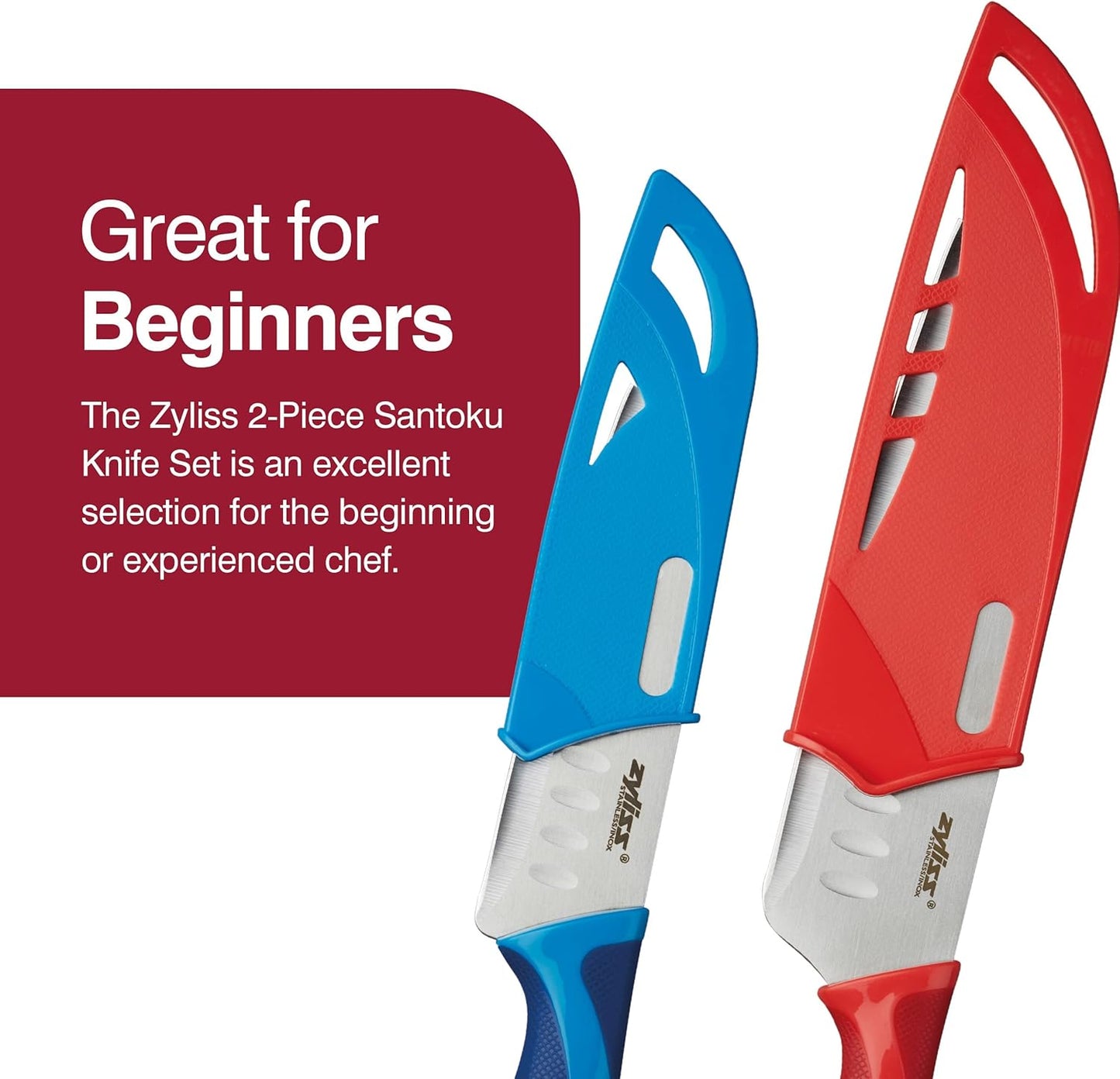 ZYLISS 2 Piece Santoku Knife Set with Sheath Covers, Stainless Steel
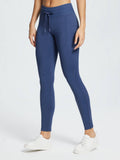 Full-Length Water-Repellent Ski Leggings - Navy Blue / M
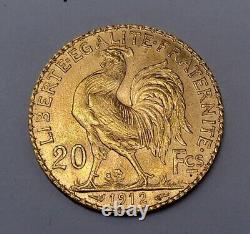 1912 Gold Coin 20 Twenty Francs Rooster French Mint Bullion 6.5 Grams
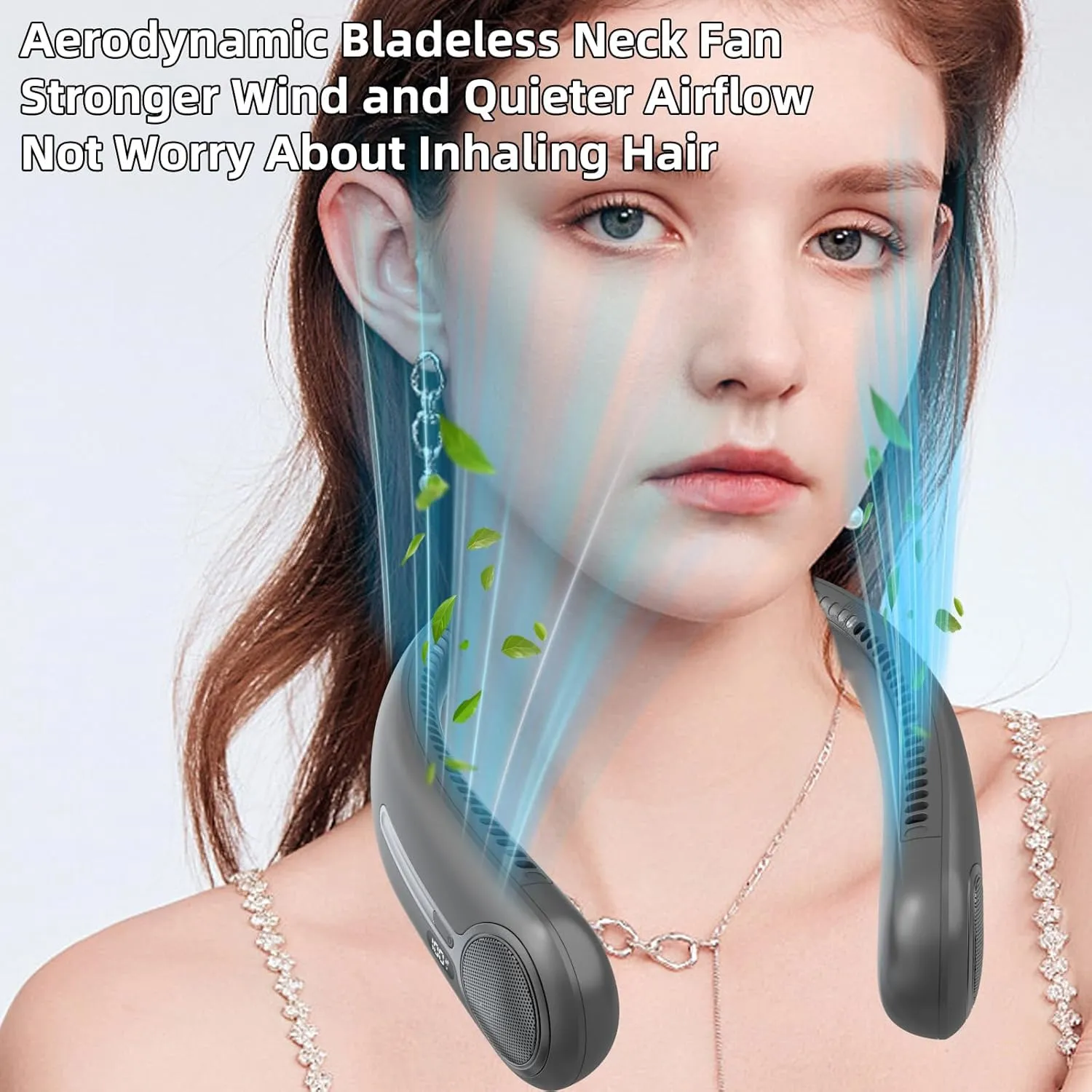 Portable Neck Fan,Personal Hands Free Bladeless Fan,360 Cooling Fan,LED Display,4-Speeds,6000mAh Rechargeable Quick,Long Use Time,Wearable Fan,Birthday Gifts for Men Women (Dark grey)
════
**The task:** Each line of the material needs to be given again exactly, without any of its pictures.

**Answer area:**
 ZYLISS 2 Piece Santoku Knife Set with Sheath Covers, Stainless Steel
 Full-Length Water-Repellent Ski Leggings - Navy Blue / M
 1912 Gold Coin 20 Twenty Francs Rooster French Mint Bullion 6.5 Grams
 Portable Neck Fan,Personal Hands Free Bladeless Fan,360 Cooling Fan,LED Display,4-Speeds,6000mAh Rechargeable Quick,Long Use Time,Wearable Fan,Birthday Gifts for Men Women (Dark grey)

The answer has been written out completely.